Exactly the lines from the one containing "A basic, unfinished" through the final line of the data below, with pictures omitted, make up the answer.

::: Source data :::

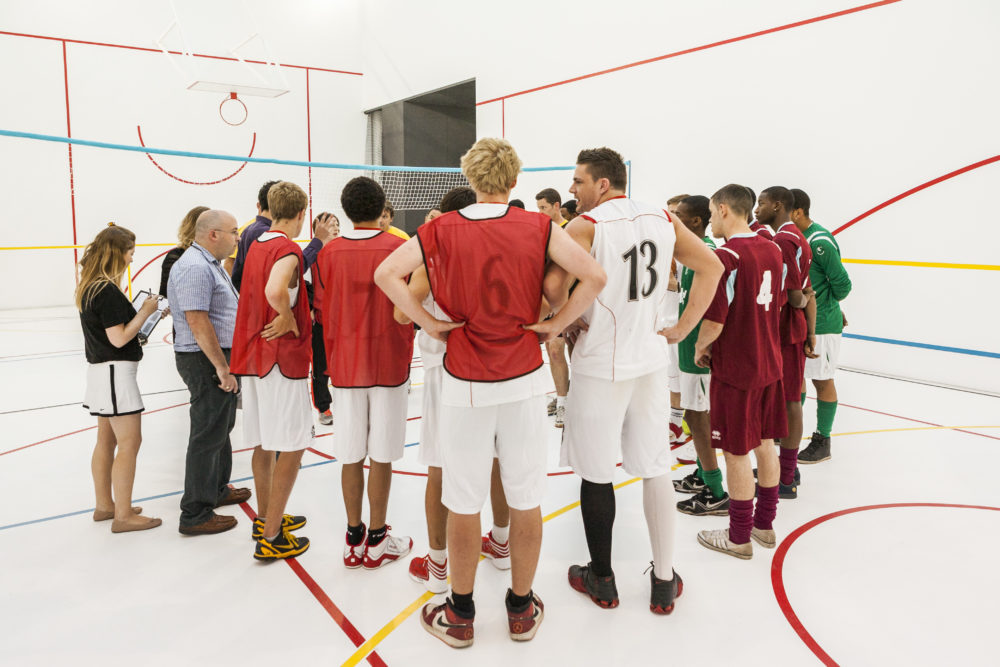 A large group of people wearing sports kit and coloured tabards are gathered together in a white walled gallery marked out with colourful lines like a sports hall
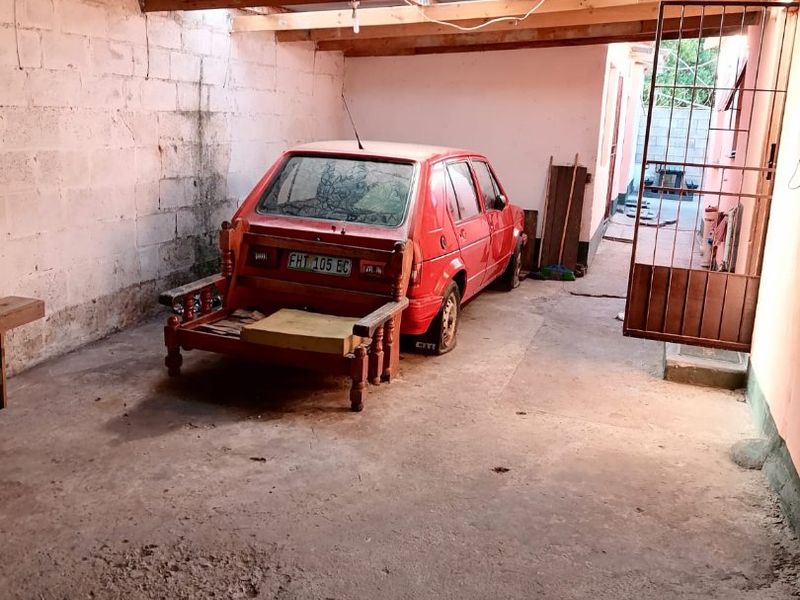 A basic, unfinished garage space featuring exposed timber rafters, corrugated roofing, and concrete flooring, providing secure covered parking or storage potential.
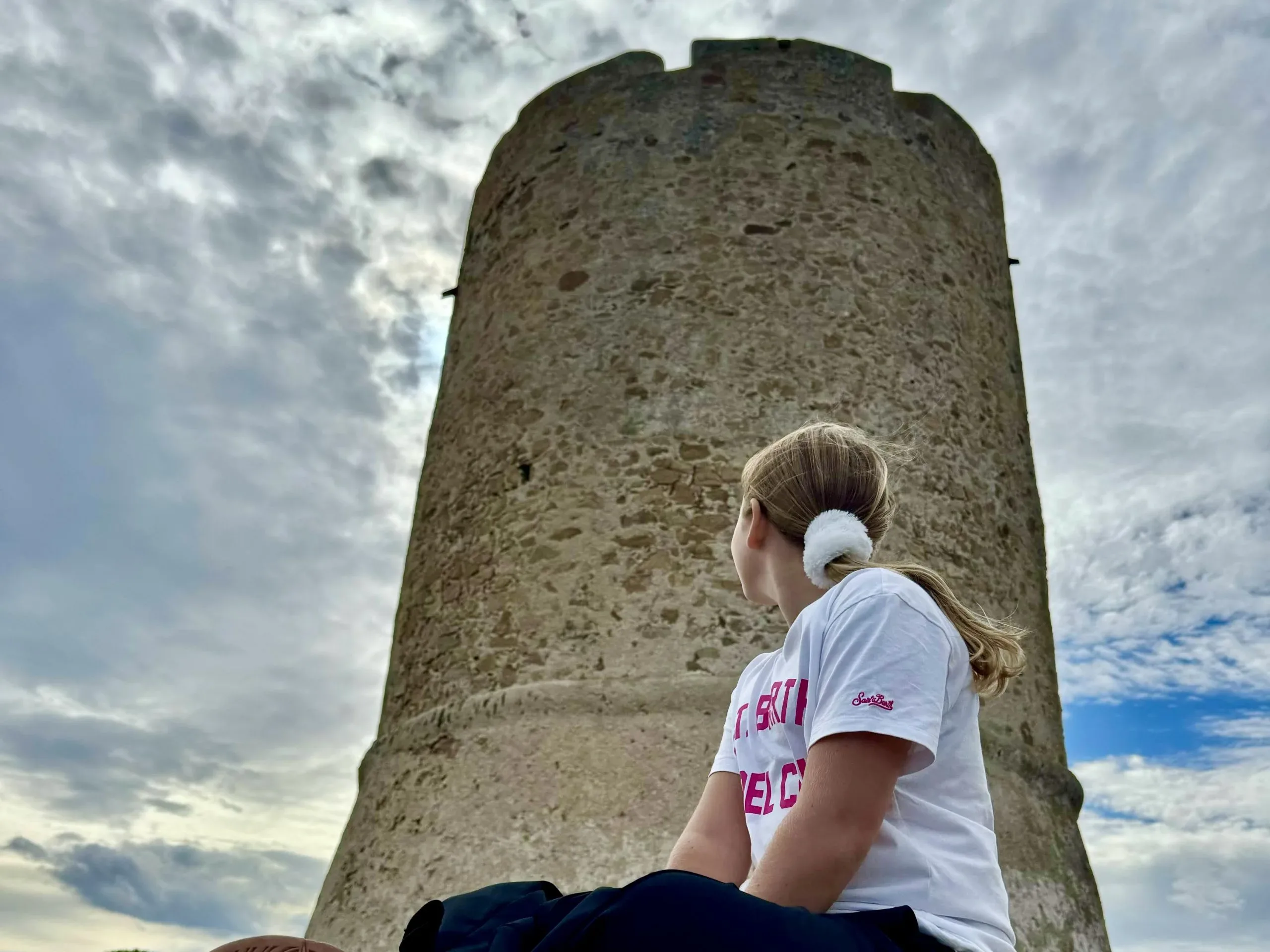 Girl looking at stone tower under cloudy sky.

:::

_Result_:
 A basic, unfinished garage space featuring exposed timber rafters, corrugated roofing, and concrete flooring, providing secure covered parking or storage potential.
 Girl looking at stone tower under cloudy sky.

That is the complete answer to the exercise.